Il travaille parfois avec des micro ateliers au Cameroun en leur fournissant des dessins en perspective, la conception du volume n’est pas toujours entendue de la même façon par les artisans qui les interprètent . Faute de cette compréhension spatiale, ils créent à leur façon et créent ainsi un élément de surprise, « d’un coup il y a autre chose que moi, un genre de méta moi »il arrive à Hervé Di Rosa de laisser intactes ces sculptures hybridées par le travail des artisans .

Photo en médaillon d'Hervé Di Rosa

Les œuvres sont des « scories  » c’est ce qu’il reste de la relation entre l’artiste et l’artisan. Cet élément de surprise crée l’oeuvre. L’artiste , lorsque son travail n’est pas greffé de ces apports extérieurs ressent paradoxalement un certain manque.
Le hasard c’est la rencontre avec l’autre, l’œuvre est une œuvre de métissage et d’apprentissage, tout le travail est basé sur la recherche et l’expression, Dubuffet dit par exemple comment il mélange des matériaux qui ne doivent pas être mélangés (peinture à l’huile et acrylique par exemple)
Il attendait les effets qui pouvaient découler de ces mélanges hasardeux.
« Je ne cherche pas je trouve  !  » Moi, c’est le contraire , c’est de chercher qui m’intéresse.
Il s’agit de lever les barrières très établies entre savant et populaire. On s’est beaucoup battu pour abattre les hiérarchies. L’art populaire s’appuie sur ce dialogue.
L’art populaire demande parfois des compétences et techniques extrêmement savantes, ce sont des technologies extrêmes faites avec très peu de moyens.
Il y a par exemple une science énorme dans la musique populaire mais qui ne passe pas par les canaux de la musique savante , conservatoire, partitions, solfège... les artistes témoignent néanmoins d’une grande virtuosité.

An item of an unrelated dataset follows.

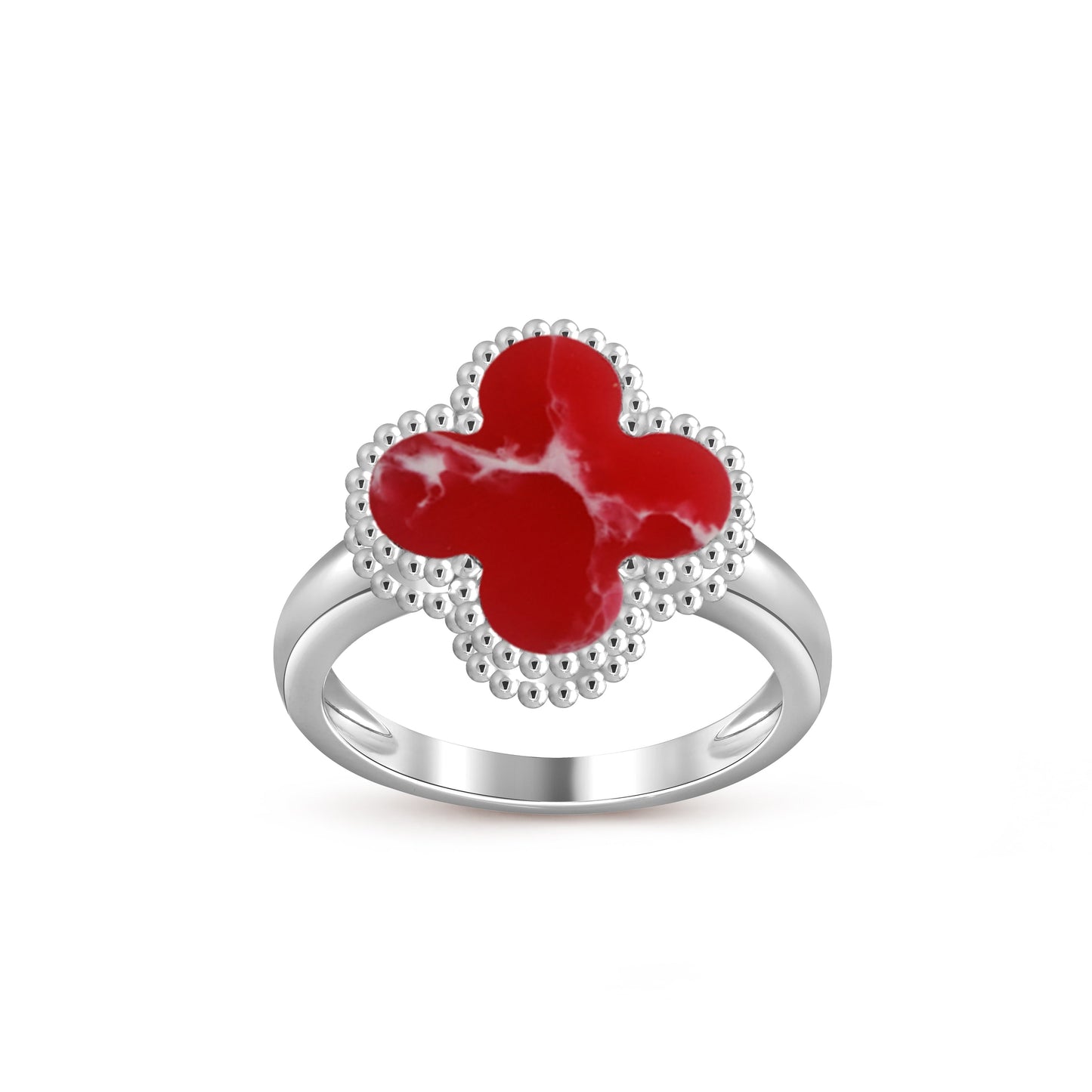 [Riva Jewelry]LUCKY CLOVER VINTAGE WHITE GOLD RING COLLECTION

Hervé Di Rosa va chercher une forme de science auprès de ces artisans. Au Vietnam par exemple il faut dessiner de façon très précise et remettre les dessins six mois avant , au Cameroun les techniques sont également très exigeantes.
Marchandisation
L’élément perturbateur est la marchandisation. On pense aux cadeaux Bonux ou Happy meal fabriqués par des enfants en Chine. C’est quand l’objet sort de la campagne publicitaire qu’il devient intéressant.
La nécessité de vendre amène à trouver des solutions esthétiques dans l’art populaire.

Au XIX ème siècle les premiers folkloristes qui sont allés chercher les arts populaires parlent d’un véritable plaisir.
Hervé DI Rosa cherche à dégager une énergie positive de plaisir et de joie
La peinture lui a permis d’échapper à des moments difficiles ; il cherche maintenant à retransmettre cette dynamique, le MIAM est comme une peinture sans peinture , son œuvre.
La compréhension des choses passe par les objets dans le musée Carnavalet on comprend que l’histoire ce n’est pas qu’un drapeau mais tous les objets qui ont été préservés  : des poupées, des cartes faites à la main, des papiers de bonbons , des choses très fragiles .
Le MIAM n’a été créé que pour une seule chose  : diriger le regard et diriger l’émotion. Voir qu’il y a de l’émotion dans les objets qui semblent anodins est important. Tout le monde aujourd’hui a son temple d’objets souvenirs, de tourisme.